__Action item__
Transcribe exactly the lines below that begin at the line with "Property photo of" and stop after the line with "Diseño de Tarjeta", leaving out every picture.

= Beginning of Section =

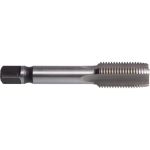 Метчик SDW TOOLS м/р М6,0х1,0 P6M5 для скв. с прох. хв. ta00051 (артикул 17263506) – фото 1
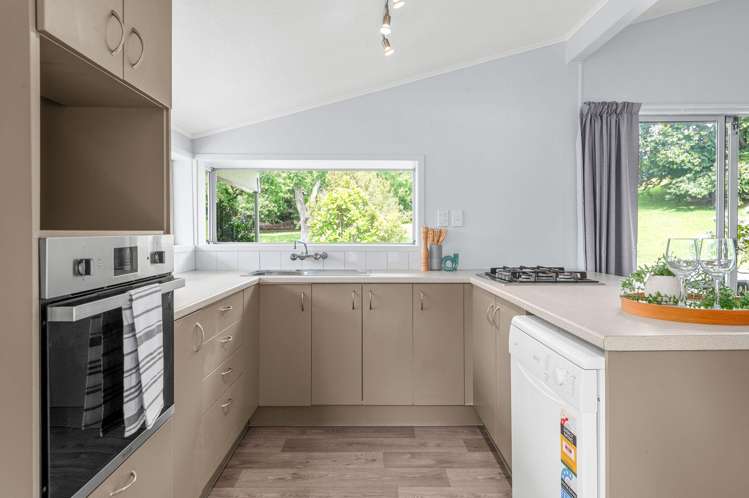 37 Exeter Street Glenview_7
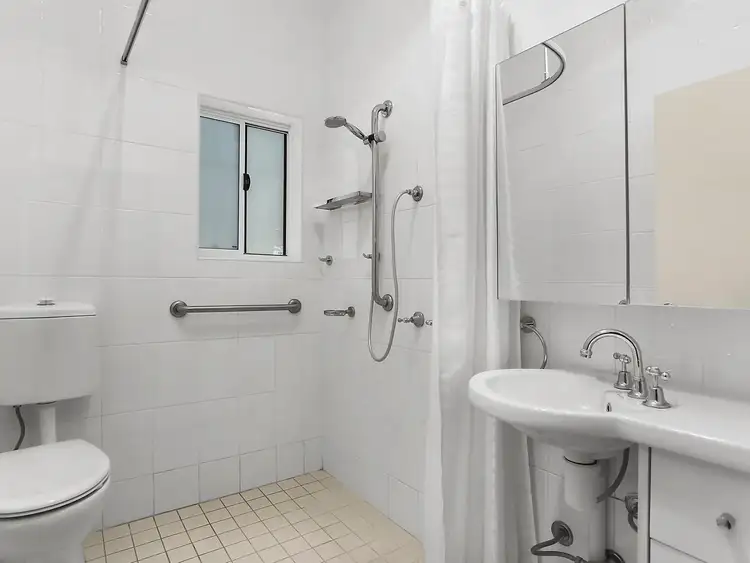 Fourth view of Homely house listing, 467 Lyons Rd West, Five Dock NSW 2046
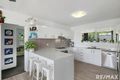 Property photo of 41 Totness Street Torquay QLD 4655
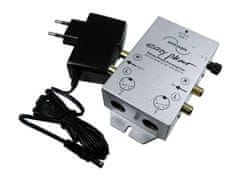 Analogis PHONO fono pretpojačalo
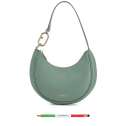 Furla Primavera S Mineral Green WB00475 AX0733 9023 1996S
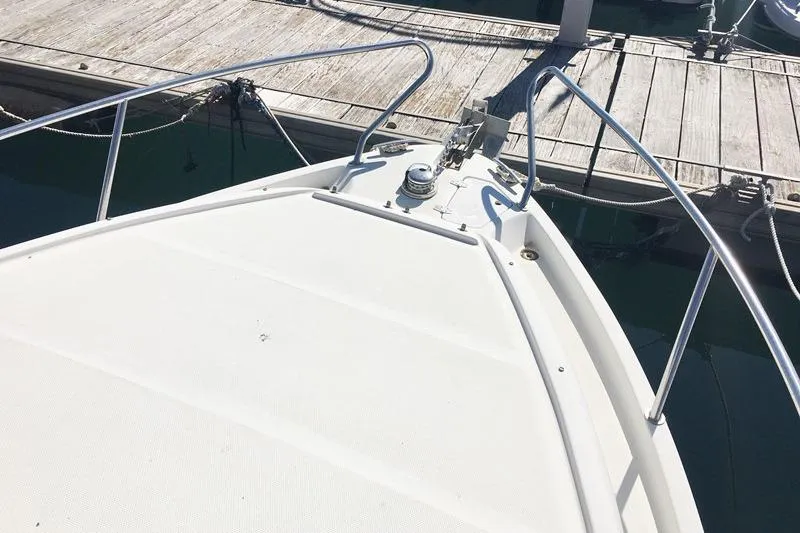 Selva F.6.5 Cabin Plus 2013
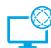 HP LASERJET PRO MFP M130NW - Méthode 1 : téléchargement de HP easy start (windows et OS x) - 1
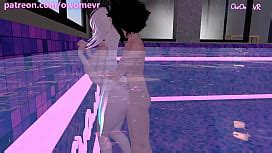Vrchat Erp Free Mobile Porn XXX Sex Videos And Porno Movies IPornTV Net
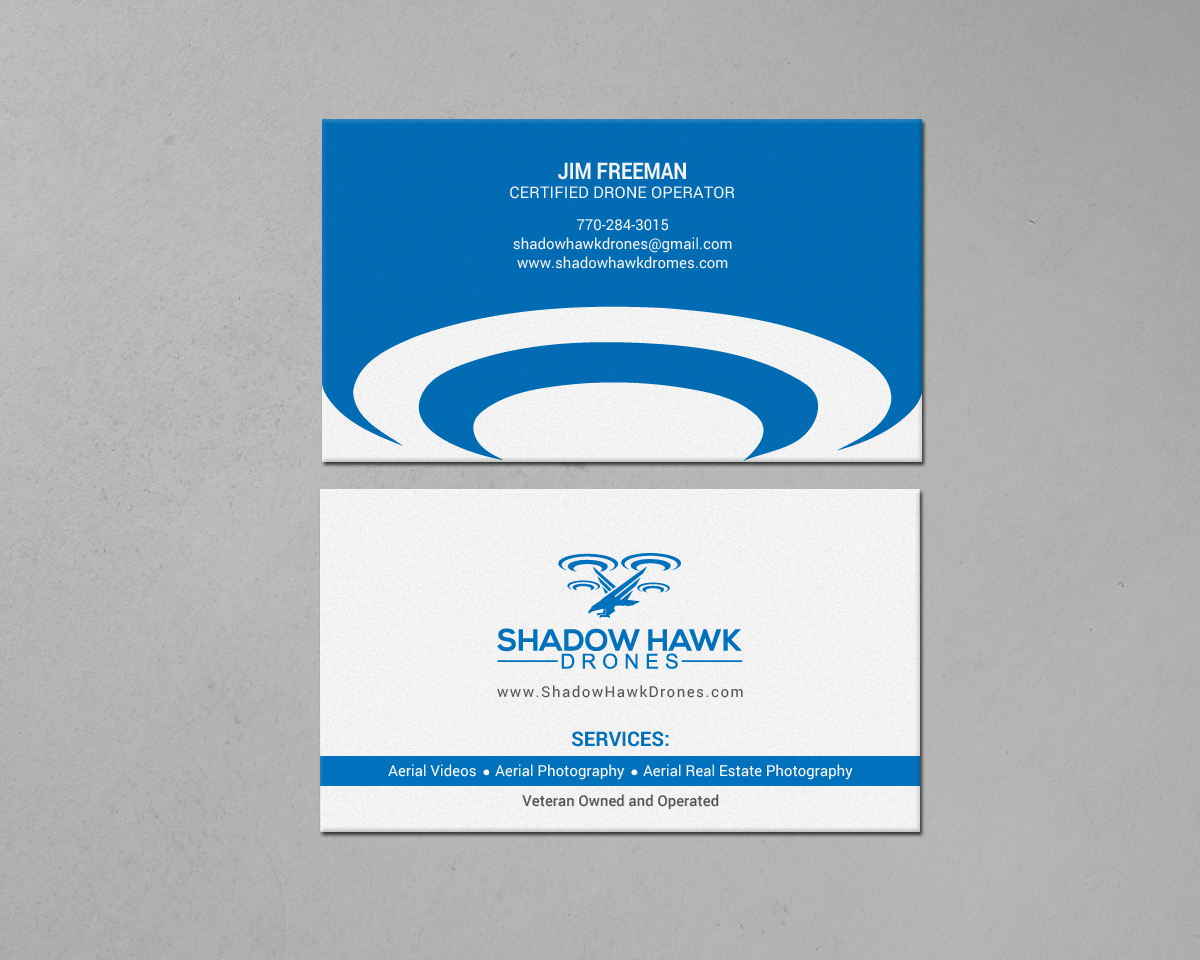 Diseño de Tarjeta de Presentación por chandrayaan.creative para Mr | Diseño #18871364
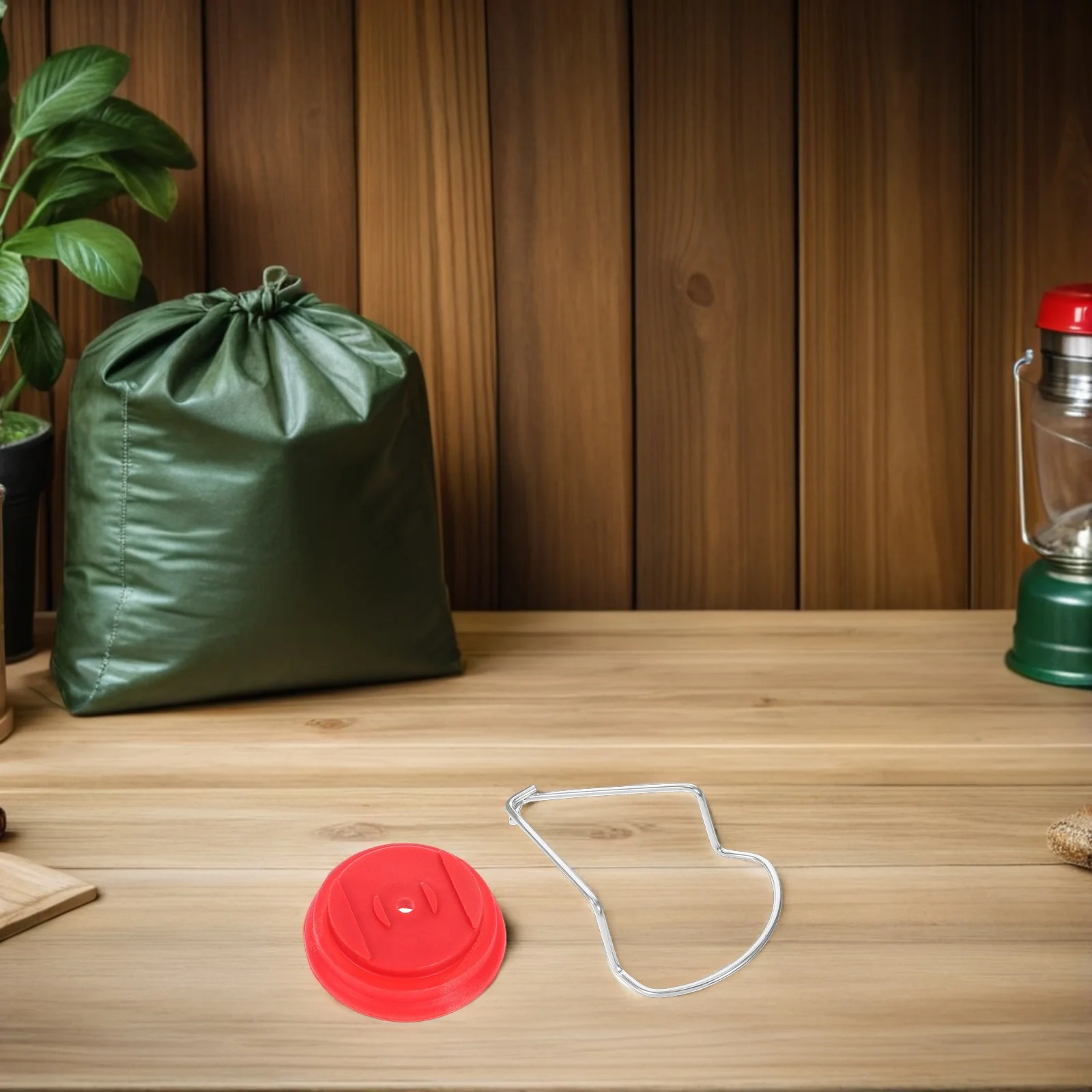 1 مجموعة جزازة العشب استبدال طقم قطع غيار لآلة تشذيب سلسلة لاسلكية سهلة التركيب تصميم مدمج شريط أمان عالي الوضوح #6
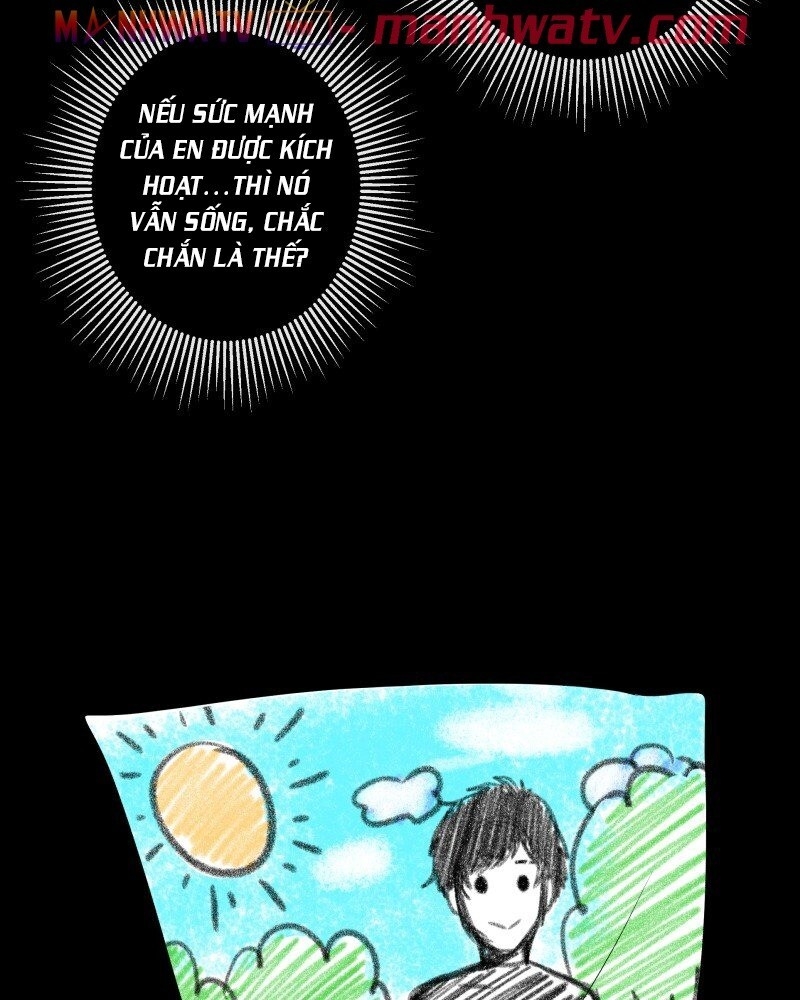 page_97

= End of Section =

__Task output__
 Property photo of 41 Totness Street Torquay QLD 4655
 Analogis PHONO fono pretpojačalo
 Furla Primavera S Mineral Green WB00475 AX0733 9023 1996S
 Selva F.6.5 Cabin Plus 2013
 HP LASERJET PRO MFP M130NW - Méthode 1 : téléchargement de HP easy start (windows et OS x) - 1
Vrchat Erp Free Mobile Porn XXX Sex Videos And Porno Movies IPornTV Net
 Diseño de Tarjeta de Presentación por chandrayaan.creative para Mr | Diseño #18871364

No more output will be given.